Data for analysis:
════════

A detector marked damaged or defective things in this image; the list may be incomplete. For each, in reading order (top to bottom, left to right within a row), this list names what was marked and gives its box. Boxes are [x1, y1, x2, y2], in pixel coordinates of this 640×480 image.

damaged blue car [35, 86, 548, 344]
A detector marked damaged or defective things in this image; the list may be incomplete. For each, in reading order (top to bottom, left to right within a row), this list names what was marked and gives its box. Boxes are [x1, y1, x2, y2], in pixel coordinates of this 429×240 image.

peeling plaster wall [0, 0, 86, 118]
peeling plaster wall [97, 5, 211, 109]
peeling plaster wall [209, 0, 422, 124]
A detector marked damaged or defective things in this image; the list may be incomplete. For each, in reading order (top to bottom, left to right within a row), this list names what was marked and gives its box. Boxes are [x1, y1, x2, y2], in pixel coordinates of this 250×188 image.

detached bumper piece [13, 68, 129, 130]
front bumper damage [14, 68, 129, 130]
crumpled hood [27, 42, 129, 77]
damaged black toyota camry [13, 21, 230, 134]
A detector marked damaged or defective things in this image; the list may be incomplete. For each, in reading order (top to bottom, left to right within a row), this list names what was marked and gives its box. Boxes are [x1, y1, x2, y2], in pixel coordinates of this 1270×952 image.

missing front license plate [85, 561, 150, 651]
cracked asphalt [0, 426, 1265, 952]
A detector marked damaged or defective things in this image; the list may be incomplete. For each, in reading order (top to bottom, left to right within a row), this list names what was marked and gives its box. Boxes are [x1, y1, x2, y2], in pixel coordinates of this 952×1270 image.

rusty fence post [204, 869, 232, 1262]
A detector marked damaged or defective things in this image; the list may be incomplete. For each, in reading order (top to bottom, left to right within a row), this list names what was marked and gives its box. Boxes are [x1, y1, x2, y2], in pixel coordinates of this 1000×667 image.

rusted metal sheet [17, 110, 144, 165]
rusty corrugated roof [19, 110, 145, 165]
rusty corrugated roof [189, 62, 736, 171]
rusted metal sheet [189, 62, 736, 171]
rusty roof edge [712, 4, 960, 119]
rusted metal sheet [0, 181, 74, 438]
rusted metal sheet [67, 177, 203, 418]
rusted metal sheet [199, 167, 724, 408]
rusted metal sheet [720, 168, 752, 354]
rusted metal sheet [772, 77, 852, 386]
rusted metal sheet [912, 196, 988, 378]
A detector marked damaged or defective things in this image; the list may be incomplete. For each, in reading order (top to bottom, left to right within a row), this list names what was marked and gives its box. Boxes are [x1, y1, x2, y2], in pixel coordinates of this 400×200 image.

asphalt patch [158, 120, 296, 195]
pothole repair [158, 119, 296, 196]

════════

What you need to do: Everything from the line holding "this 952×1270 image." through the final line of the material must be given again exactly, and nothing outside that stretch.

Response for this exercise:
A detector marked damaged or defective things in this image; the list may be incomplete. For each, in reading order (top to bottom, left to right within a row), this list names what was marked and gives its box. Boxes are [x1, y1, x2, y2], in pixel coordinates of this 952×1270 image.

rusty fence post [204, 869, 232, 1262]
A detector marked damaged or defective things in this image; the list may be incomplete. For each, in reading order (top to bottom, left to right within a row), this list names what was marked and gives its box. Boxes are [x1, y1, x2, y2], in pixel coordinates of this 1000×667 image.

rusted metal sheet [17, 110, 144, 165]
rusty corrugated roof [19, 110, 145, 165]
rusty corrugated roof [189, 62, 736, 171]
rusted metal sheet [189, 62, 736, 171]
rusty roof edge [712, 4, 960, 119]
rusted metal sheet [0, 181, 74, 438]
rusted metal sheet [67, 177, 203, 418]
rusted metal sheet [199, 167, 724, 408]
rusted metal sheet [720, 168, 752, 354]
rusted metal sheet [772, 77, 852, 386]
rusted metal sheet [912, 196, 988, 378]
A detector marked damaged or defective things in this image; the list may be incomplete. For each, in reading order (top to bottom, left to right within a row), this list names what was marked and gives its box. Boxes are [x1, y1, x2, y2], in pixel coordinates of this 400×200 image.

asphalt patch [158, 120, 296, 195]
pothole repair [158, 119, 296, 196]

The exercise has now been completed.